Well folks, it’s been fun spending the past two weeks focusing on albums from my collection that were made by artists who call(ed) current World Cup nations home. In case you haven’t been keeping up with this theme, the previous nine installments were: Vangelis (Greece), Fela Kuti (Nigeria), Granada (Spain), High Speed & Afflicted Man (England), Atoll (France), Ekseption (Netherlands), Perigeo (Italy), Jorge Ben (Brazil), and Achim Reichel (Germany). And since America will probably be eliminated on Tuesday by Belgium, it’s only fitting that the final day of this World Cup 2014 themed An Album A Day voyage be dedicated to a Belgian artist. Enter Ignatz.
Brussels-based Bram Devens has been releasing albums as Ignatz since way back in 2005. I came to learn about him from the Aquarius Records e-mail list, which for almost a decade was my go-to source for finding new and enjoyable music. The first album (self-titled) was release on CD only, I believe, and the second one was cassette only. It wasn’t until Ignatz II that one of Devens’ albums was pressed to vinyl. Like most of his early releases it was recorded for the Belgian (K-RAA-K)³ label. I found my copy at Amoeba in Hollywood on June 27th, 2009. It was cheap and it was used, but to finally be able to file an Ignatz record in with my collection, I was happy.
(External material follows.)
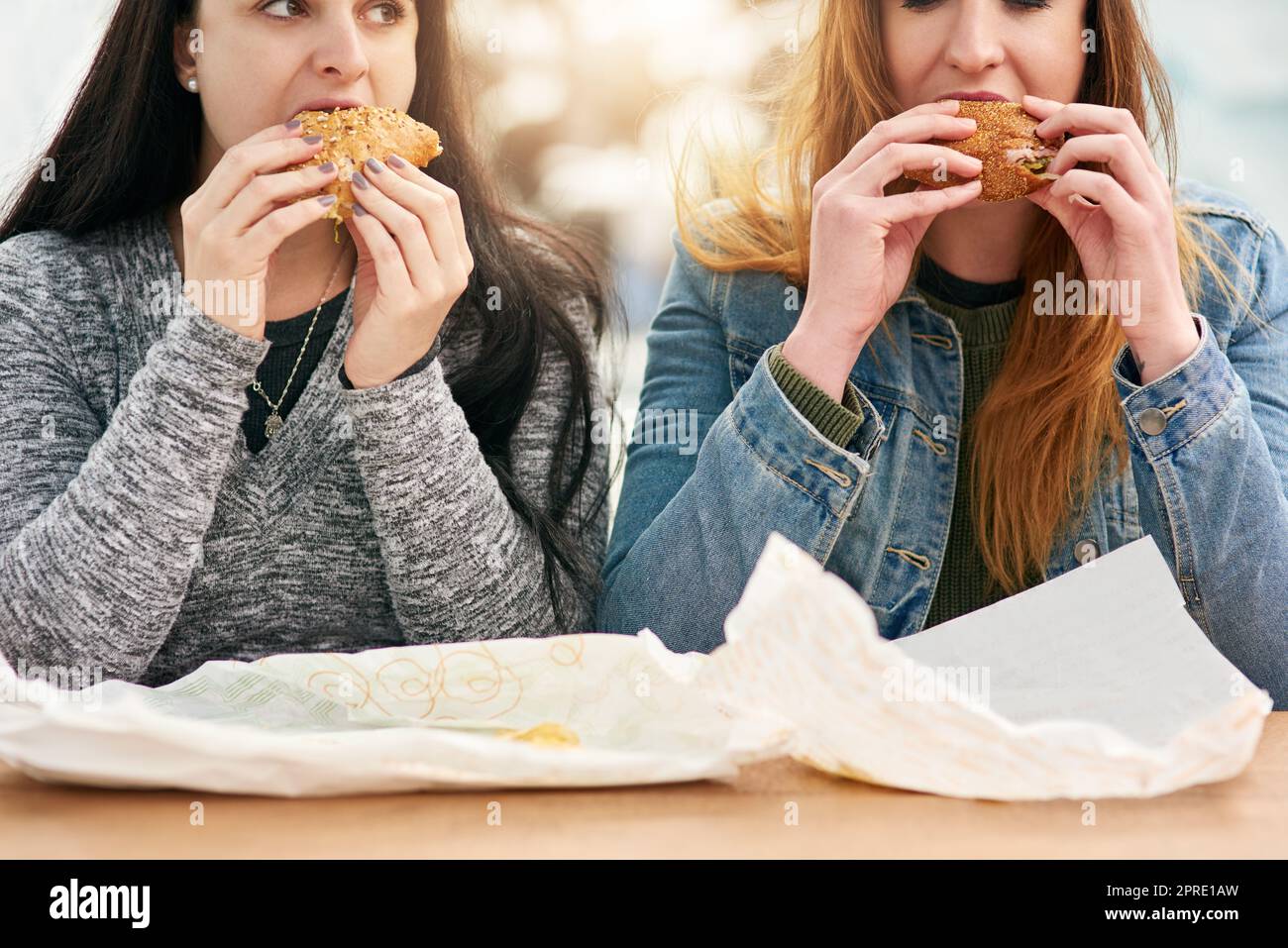 Zwei weibliche beste Freunde essen Sandwiches in einem Vergnügungspark draußen. Stockfoto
Upon its initial release in 2007, Aquarius had this to say about the record:
Ignatz II (or III if you count the recently reviewed I Will Soothe My Eye To Feast It With A Sight Of Beauty cd-r) heralds the return of our favorite alien Appalachian troubadour and another transmission of fuzzed out, obfuscated, FX laden, bedroom free folk outer space buzz and shimmer. Not too much has changed since I (a past AQ Record of the Week), but if anything, the sound of Ignatz has become even darker and more expansive, and somehow, impossibly more beautiful and mysterious. Another haunting and dreamily disorienting stopover in a musical journey to points unknown. While some of what you see or hear on II might sound familiar, it doesn’t take too long before you realize that the sounds here are… well, different, off kilter, damaged, prettiness is present but summarily obfuscated. Bits of folks and blues surface here and there, but are slowly and methodically transformed into a whole new shapes and sounds. Every melody, at first warm and inviting, begins to twist and change, becoming some bastardized blues, sometimes broken down into jagged shards and stumbling cadences, other times splattered into glimmering glistening sonic sparkles.
The root of Ignatz’s sound is still a wonderfully gnarled Appalachia, guitars and vocals mostly, drenched in filthy spacey FX most of the time, but even when delivered sans effects, they manage to sound alien and otherworldly. Ghostly abstract dirges, lengthy meanders through epic and ominous landscapes of blown out slow burn riffs and bits of delicate fingerpicking. Hovering above are wistful, abstract vocals, distorted and indistinct, wrapped around mournful melodies, the whole thing stumbling and slightly off kilter. Occasionally the guitars build into huge thick torrents of fuzzy riffing, dense and chaotic, before the riffs crumble and threaten to fall apart completely, until the vocals and guitars tangle up and become more and more indistinct, a slow shifting cloud of blues shimmer and folk swirl.
It almost sounds as if someone pulled apart some old blues 78’s, piece by piece, note by note, and then, hundreds of years later, reassembled them without any instructions, utilizing some as yet undiscovered alien technology, only to discover that THIS is what music sounded like in 2007. What a strange world it must have been….
This warm and warbly, futuristic ancient folk is a masterfully mangled Delta blues transmitted from planet to planet, and with each million light year stretch, the sound becomes more tangled and less obviously blueslike. Alien musical transmissions intercepted using an old victrola and played back by some crazy old man, sitting on his porch, armed with just an acoustic guitar, a pile of busted old wax cylinders, and a huge bank of broken and rusty effects pedals…
So goddamn great!
Ignatz
II
((K-RAA-K)³ – K053, 2007)
A1. He Deals With Love & Her Eyes Glaze
A2. I Was Not There
A3. The Dreams [MP3]
B1. Silver Moon… Shine Sun! Sun! Sun!